Performace testing slow FOG Imaging
The intended audience of this thread is for those FOG admins who have one or more models of computers with slow imaging rates, where otherwise most of their campuses are imaging at a normal rate. The “normal rate” is a bit of a moving target because FOG imaging relies on a health network, well managed FOG server and modern target computers.
The easiest bench marking method a FOG admin has to access is the speed rating listed on the blue partclone screen, seen during imaging. This rating is measured in data volume per minute of transfer. We need to be mindful that this “speed rating” is a composite score of the entire imaging process and not specifically network throughput. This composite score is the combination of the fog server moving data to and from the network interface (plus) network throughput (plus) target computer ingest and image decompression in memory (plus) the target writing the expanded image to local storage media. Any one of these components not functioning optimally will cause a lower than “normal” score in partclone.

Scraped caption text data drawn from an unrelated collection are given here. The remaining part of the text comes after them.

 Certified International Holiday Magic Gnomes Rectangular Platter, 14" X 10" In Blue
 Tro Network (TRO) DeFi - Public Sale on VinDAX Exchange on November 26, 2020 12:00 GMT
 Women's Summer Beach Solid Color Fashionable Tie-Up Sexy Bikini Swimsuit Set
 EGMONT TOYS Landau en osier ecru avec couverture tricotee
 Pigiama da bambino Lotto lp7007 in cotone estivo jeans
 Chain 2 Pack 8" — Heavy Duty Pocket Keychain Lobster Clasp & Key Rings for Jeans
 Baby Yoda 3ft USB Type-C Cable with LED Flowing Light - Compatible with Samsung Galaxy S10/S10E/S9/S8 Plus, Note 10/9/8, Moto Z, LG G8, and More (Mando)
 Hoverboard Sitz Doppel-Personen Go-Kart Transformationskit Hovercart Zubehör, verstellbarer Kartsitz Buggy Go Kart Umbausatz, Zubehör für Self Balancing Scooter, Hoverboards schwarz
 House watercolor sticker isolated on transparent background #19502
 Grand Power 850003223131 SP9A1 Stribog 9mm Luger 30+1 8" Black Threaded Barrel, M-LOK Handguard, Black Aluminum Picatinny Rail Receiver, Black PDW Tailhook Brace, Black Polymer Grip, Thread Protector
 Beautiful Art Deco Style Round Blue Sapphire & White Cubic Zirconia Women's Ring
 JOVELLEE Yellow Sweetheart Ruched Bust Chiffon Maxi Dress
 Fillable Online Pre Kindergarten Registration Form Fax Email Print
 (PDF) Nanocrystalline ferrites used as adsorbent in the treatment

<Editor note: add in screen shot of partclone screen during imaging>
Some FOG admins equate this partclone score directly to network throughput. This an incorrect assumption. I’ve seen comments like “I’m getting partclone speeds faster than physically possible with my network, how is that possible?”. In this case the poster was getting 8.2GB/min according to partclone over a 1GbE network. A 1GbE network has a theoretical throughput of 7.5GB/min, yet the poster was seeing 8.2GB/min according to partclone. As I mentioned earlier the partclone score is a composite score of the entire process, where network throughput is only one component. So that 8.2GB/min score is telling me the poster’s network is running very well in that the target computer is receiving the image at a rate to keep the input buffer full and the target computer is performing well in that it is ingesting, decompressing the image, and writing the image to local storage at top speed.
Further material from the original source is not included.